*** Block opens ***
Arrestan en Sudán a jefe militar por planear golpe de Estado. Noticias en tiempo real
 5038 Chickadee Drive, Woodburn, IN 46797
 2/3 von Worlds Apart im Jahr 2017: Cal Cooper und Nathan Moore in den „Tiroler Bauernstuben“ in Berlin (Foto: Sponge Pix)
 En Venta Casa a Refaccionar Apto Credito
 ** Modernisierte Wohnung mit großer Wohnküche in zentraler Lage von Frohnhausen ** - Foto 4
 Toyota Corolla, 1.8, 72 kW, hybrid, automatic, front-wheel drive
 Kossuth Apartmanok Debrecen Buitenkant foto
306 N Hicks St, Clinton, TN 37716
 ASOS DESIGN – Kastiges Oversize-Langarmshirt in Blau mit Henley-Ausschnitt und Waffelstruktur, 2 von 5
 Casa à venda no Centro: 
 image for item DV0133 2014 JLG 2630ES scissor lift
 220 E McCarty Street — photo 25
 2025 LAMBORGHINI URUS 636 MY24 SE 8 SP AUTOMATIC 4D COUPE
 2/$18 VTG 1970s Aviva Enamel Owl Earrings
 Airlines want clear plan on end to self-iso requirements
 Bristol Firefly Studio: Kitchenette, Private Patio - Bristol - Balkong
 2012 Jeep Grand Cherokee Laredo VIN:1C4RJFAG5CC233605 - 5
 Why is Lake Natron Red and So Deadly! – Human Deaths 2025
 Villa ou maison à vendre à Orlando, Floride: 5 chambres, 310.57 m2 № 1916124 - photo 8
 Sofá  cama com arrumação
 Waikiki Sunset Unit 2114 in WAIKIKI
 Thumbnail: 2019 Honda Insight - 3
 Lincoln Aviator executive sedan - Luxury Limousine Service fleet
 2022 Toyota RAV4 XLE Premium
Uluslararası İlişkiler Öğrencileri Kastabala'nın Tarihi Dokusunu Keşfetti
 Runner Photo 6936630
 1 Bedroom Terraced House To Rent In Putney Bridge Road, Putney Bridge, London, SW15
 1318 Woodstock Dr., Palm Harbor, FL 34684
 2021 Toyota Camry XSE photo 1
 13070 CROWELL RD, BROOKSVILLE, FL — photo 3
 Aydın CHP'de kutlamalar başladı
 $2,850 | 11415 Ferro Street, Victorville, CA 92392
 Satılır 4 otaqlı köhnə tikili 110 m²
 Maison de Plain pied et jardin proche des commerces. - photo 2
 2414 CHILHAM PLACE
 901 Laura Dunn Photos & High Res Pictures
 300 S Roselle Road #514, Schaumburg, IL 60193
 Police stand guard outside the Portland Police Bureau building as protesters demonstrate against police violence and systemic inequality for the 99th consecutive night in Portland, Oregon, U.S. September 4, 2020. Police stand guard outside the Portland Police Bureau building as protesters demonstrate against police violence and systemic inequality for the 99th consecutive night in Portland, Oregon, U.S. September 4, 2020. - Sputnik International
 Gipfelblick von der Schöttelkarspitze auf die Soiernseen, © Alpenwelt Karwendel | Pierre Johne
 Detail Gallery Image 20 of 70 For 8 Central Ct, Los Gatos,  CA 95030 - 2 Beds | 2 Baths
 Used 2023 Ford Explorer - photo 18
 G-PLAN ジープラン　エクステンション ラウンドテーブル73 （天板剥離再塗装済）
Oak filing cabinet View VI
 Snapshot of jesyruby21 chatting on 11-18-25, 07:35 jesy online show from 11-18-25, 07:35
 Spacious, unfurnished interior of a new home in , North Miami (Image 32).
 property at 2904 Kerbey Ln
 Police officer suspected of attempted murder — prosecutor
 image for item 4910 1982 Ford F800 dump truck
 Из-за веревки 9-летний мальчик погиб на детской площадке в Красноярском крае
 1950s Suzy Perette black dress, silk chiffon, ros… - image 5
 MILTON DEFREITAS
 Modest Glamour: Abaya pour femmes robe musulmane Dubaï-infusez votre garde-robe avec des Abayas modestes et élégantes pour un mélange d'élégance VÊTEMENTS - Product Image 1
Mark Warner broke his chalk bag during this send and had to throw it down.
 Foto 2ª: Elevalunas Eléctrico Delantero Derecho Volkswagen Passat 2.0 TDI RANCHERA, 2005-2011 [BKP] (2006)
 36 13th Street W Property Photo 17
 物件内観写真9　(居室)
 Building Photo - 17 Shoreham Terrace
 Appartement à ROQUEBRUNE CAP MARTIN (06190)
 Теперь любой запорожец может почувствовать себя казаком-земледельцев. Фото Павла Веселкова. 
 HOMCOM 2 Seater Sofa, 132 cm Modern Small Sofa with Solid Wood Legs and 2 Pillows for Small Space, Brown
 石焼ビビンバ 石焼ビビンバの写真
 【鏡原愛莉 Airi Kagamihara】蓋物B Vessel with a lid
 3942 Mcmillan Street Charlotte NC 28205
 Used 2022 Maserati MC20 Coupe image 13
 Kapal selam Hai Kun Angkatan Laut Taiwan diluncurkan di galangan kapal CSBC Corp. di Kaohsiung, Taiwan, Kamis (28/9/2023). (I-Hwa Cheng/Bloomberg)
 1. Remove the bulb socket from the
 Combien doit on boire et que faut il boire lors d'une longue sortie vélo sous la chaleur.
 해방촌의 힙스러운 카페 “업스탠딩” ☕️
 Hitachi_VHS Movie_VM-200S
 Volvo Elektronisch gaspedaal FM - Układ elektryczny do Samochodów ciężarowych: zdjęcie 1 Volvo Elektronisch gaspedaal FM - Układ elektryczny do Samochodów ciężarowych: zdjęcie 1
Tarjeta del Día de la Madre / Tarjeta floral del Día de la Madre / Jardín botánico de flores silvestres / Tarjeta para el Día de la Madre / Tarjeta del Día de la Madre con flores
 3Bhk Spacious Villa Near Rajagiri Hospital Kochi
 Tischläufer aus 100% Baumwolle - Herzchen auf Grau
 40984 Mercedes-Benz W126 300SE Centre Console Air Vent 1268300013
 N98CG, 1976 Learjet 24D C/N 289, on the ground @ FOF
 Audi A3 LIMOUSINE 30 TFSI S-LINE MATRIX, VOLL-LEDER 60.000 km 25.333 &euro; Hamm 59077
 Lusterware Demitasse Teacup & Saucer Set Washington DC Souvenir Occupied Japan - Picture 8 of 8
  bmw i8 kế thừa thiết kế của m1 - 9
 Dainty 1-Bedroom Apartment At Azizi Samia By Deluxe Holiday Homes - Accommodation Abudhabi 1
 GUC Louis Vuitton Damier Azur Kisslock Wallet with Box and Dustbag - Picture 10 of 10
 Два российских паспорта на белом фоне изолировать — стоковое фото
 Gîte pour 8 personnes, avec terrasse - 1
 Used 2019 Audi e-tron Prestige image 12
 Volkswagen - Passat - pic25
*** Block closes ***
## EXERCISE INSTRUCTIONS
Once you have counted the lines of the records that contain the word "Villa", give the count and nothing else.

## TASK RESPONSE
2